En sortant de l'exposition
Le monde enchanté de Jacques Demy je me suis posé une flopée de questions. Inconditionnel des
Parapluies de Cherbourg, des
Demoiselles de Rochefort,
Peau d'âne,
Une chambre en ville et de quelques autres de ses films qui m'accompagnent depuis si longtemps, je me demande à qui s'adresse ce genre de présentation. À connaître son œuvre par cœur on ne peut qu'être touché par les documents exposés, mais ce fétichisme laisse toujours sur sa faim. Si l'on est étranger à son univers mieux vaut voir les films que suivre les explications des guides ou lire les cartels sur les cimaises. Les extraits projetés et les casques audio ne remplacent pas l'immersion hypnotique du spectacle cinématographique, d'autant qu'il manque fondamentalement à cet hommage la musique, beaucoup trop discrète pour recréer le rêve auquel nous pourrions aspirer. Le coffret de l'
intégrale DVD devient alors une acquisition indispensable. Idem avec le somptueux catalogue édité pour l'occasion par la Cinémathèque Française et Skira Flammarion, recelant, semble-t-il, plus de trésors qu'il n'en est donné à voir dans la scénographie, somme toute, modeste de ce monde en-chanté. Mais le catalogue vaut cinq fois l'entrée à l'expo (jusqu'au 4 août).
Avant de soulever les questions qui me tarabustent sur la nouvelle muséophilie, je souhaite dévoiler quelques pistes qui m'ont particulièrement ému :
Jacques Demy restera physiquement le même jusqu'à sa mort, éternel rêveur adolescent ; comme Jean Cocteau il ne cessera de s'intéresser à la jeunesse, toujours attentif aux nouvelles formes de vie et de création ; le vague à l'âme de ses photographies et de ses tableaux rappellent Hopper ou Hockney ;
Agnès Varda est évidemment très présente, mais les deux œuvres semblent indépendantes ; le rêve est plus sûr que la réalité...
Et puis j'ai rapproché cette visite de celle de
Dynamo la veille. Aujourd'hui les expositions attirent le grand public, mais l'art a disparu. C'est devenu un phénomène culturel. Jean-Luc Godard rappelait : "La culture est la règle, l'art est l'exception."
Dynamo est ludique, c'est chouette, pouvait-on attendre de sa thématique autre chose qu'un terrain de jeu ?

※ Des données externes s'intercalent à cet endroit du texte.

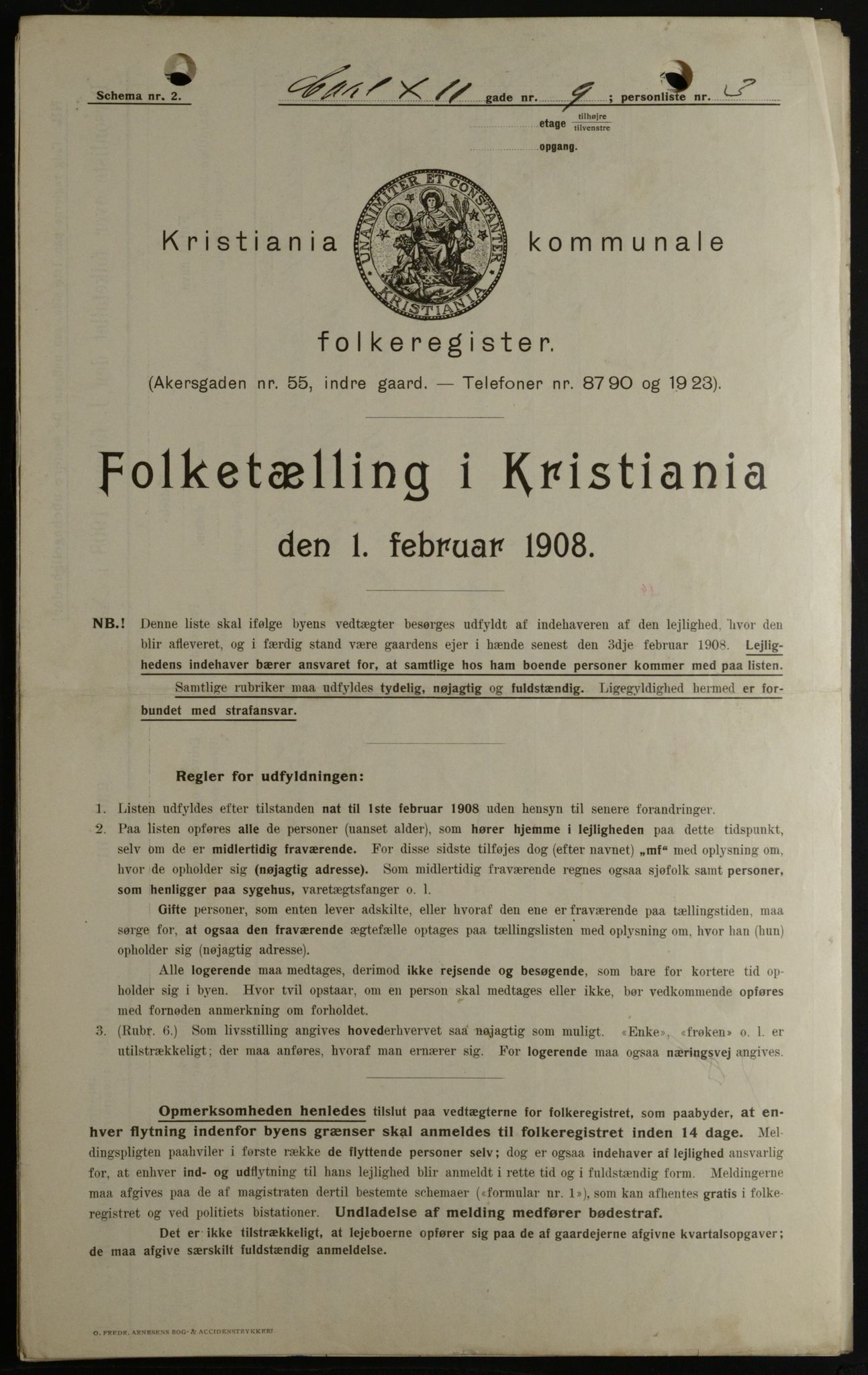 OBA, Municipal Census 1908 for Kristiania, 1908, p. 43868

Le monde enchanté de Jacques Demy respire une nostalgie mélancolique, c'est sympa, mais l'art a disparu avec son mystère. N'est-ce plus affaire que de marketing ? Le nombre d'entrées est devenu plus important que les conditions de monstration ! L'arsenal pédagogique se déploie aussi sûrement que le commerce des objets dérivés. Pourquoi faut-il que le plus grand nombre rime avec l'éradication des ombres ? À vouloir faire du chiffre, la démocratisation de l'art signe sa mort là où on aurait pu imaginer jouer des perspectives de la magie de l'invisible. Cela se réalisera ailleurs, là où le concept de rentabilité fait sourire, dans de nouveaux espaces à inventer, griffonné dans les marges des cahiers de compte, sur les murs, sur les ondes... La proximité des œuvres permettra néanmoins à certains de traverser le miroir, mais les rencontres ne se commandent pas, elles se travaillent, naissant de l'amour ou de son manque... À vouloir tout expliquer on en perd la raison. La question du pourquoi doit rester infinie.